Give back the lines below verbatim, omitting all pictures.

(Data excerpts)
►

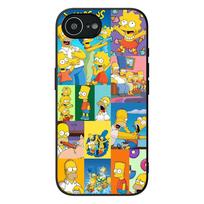 Tapetai S-Simpsons-Anime dėklas telefonui Samsung Galaxy S25 Edge S24 S23 FE Plus Ultra A16 A15 A55 A57 5G Apsauginis dangtelis Galaxy S23 Ultra yellow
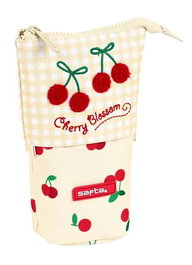 Safta Portatodo cubilete "Cherry", rangement 8x19x6cm, polyester 300D, couleur beige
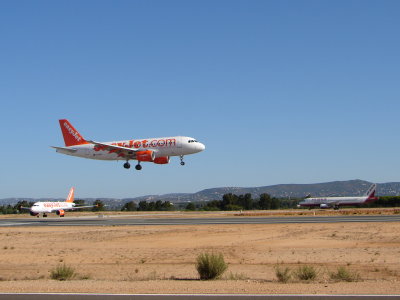 Aircrafts at Faro Airport
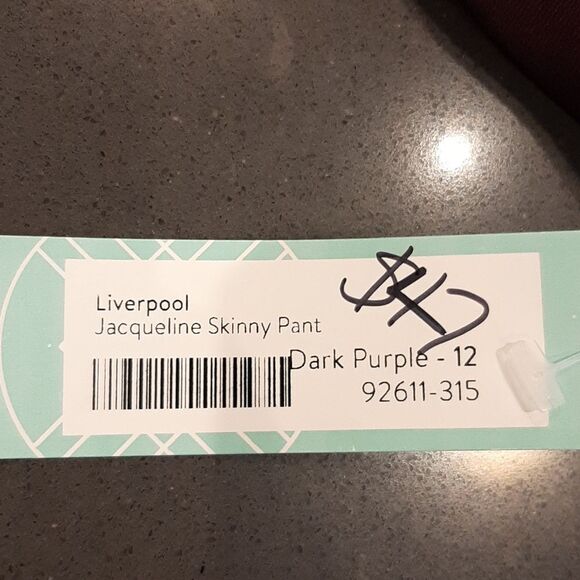 Liverpool Jacqueline Dark Purple Legging Skinny Pants - Picture 13 of 13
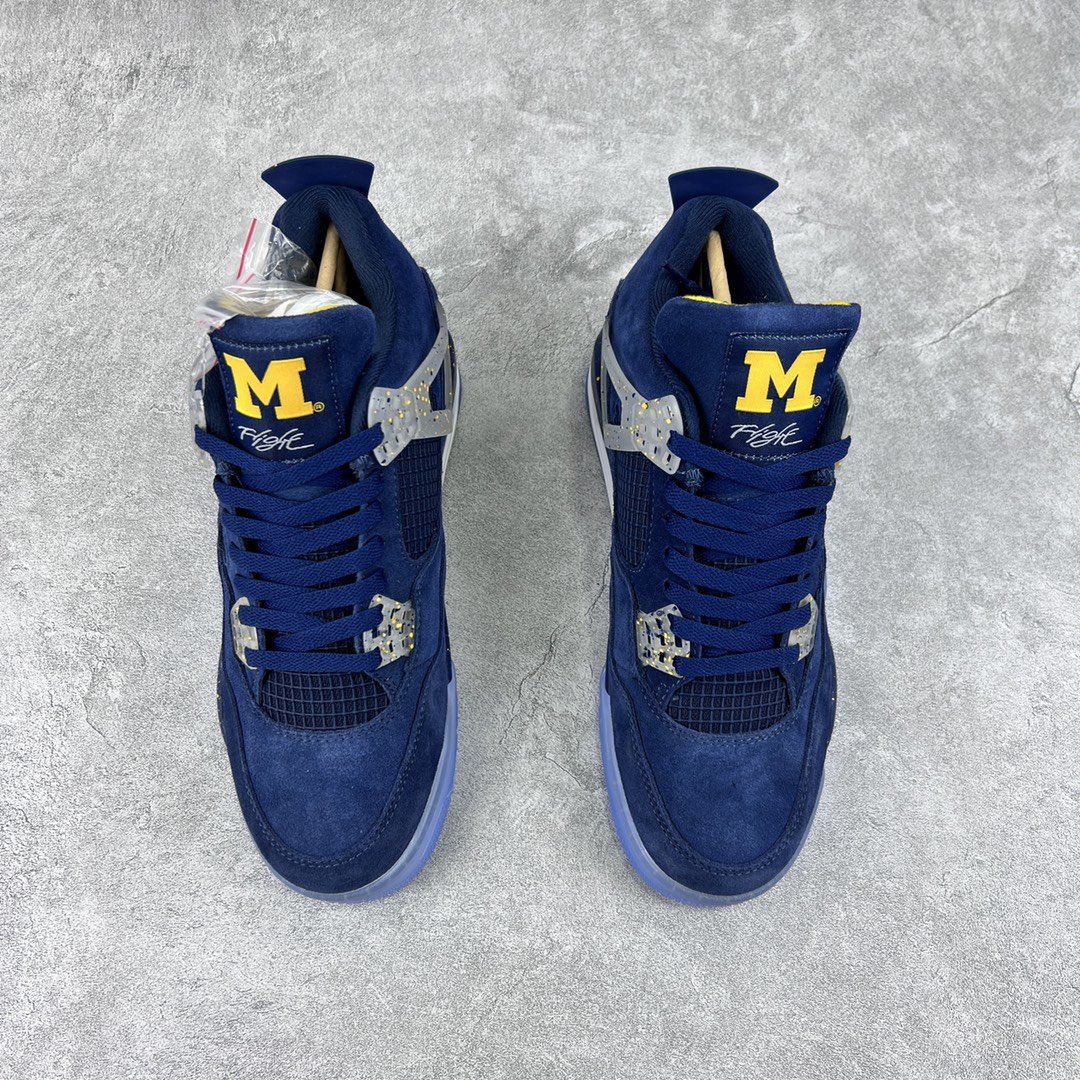 Sneakers Air Jordan 4 Retro SE University Blue фото 6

◄

### Reply to the exercise
 Tapetai S-Simpsons-Anime dėklas telefonui Samsung Galaxy S25 Edge S24 S23 FE Plus Ultra A16 A15 A55 A57 5G Apsauginis dangtelis Galaxy S23 Ultra yellow
 Safta Portatodo cubilete "Cherry", rangement 8x19x6cm, polyester 300D, couleur beige
 Aircrafts at Faro Airport
 Liverpool Jacqueline Dark Purple Legging Skinny Pants - Picture 13 of 13
 Sneakers Air Jordan 4 Retro SE University Blue фото 6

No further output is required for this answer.